According to investigations conducted by journalist Anabel Hernández, published in her book "The Secret History: AMLO and the Sinaloa Cartel," Julián García, cousin of Omar García Harfuch, claimed to have full knowledge that Omar García Harfuch and other relatives are involved with the Sinaloa Cartel. This was confirmed by the accusation made by "Mini Lic" in 2023 in a column published by journalist Anabel Hernández in the German media outlet Deutsche Welle, in which he stated that García Harfuch allegedly received a one million dollar bribe from Los Chapitos in exchange for arresting Dámaso López Núñez alias “El Licenciado” who for many years served as Joaquín “El Chapo” Guzmán’s right-hand man.

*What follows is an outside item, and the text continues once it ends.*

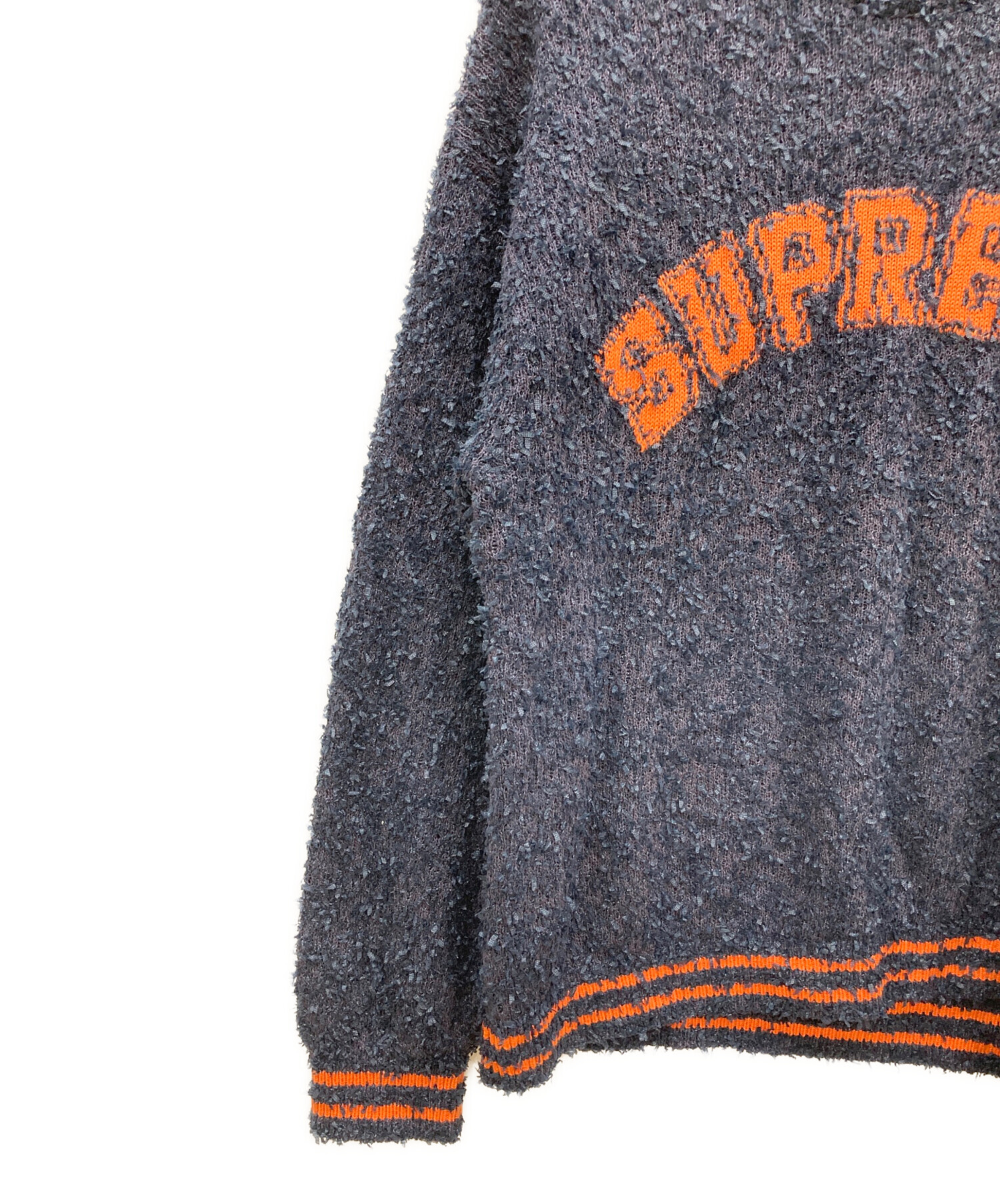 中古・古着通販】Supreme (シュプリーム) Textured Arc Sweater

According to the complaint, this money was allegedly given to García Harfuch when he served as head of the Criminal Investigation Agency (AIC) during the administration of Enrique Peña Nieto. The "Mini Lic" also alleged in the interview with Anabel Hernández that García Harfuch supposedly stole approximately two million dollars from his father during the 2017 operation in which he was arrested in Mexico City.

DEA agents who were allegedly assigned to the United States Embassy in Mexico informed Anabel Hernández that there are supposedly wiretapped recordings of criminal groups in which they discovered the modus operandi of García Harfuch and his team to keep the money and drugs they found in their operations.

Following the publication of the statements, Omar García Harfuch rejected the accusations and stated that his only connection to Dámaso López Serrano and other members of the Sinaloa Cartel was his participation in operations to arrest them. He also maintained that the accusations were intended to damage his reputation for political purposes.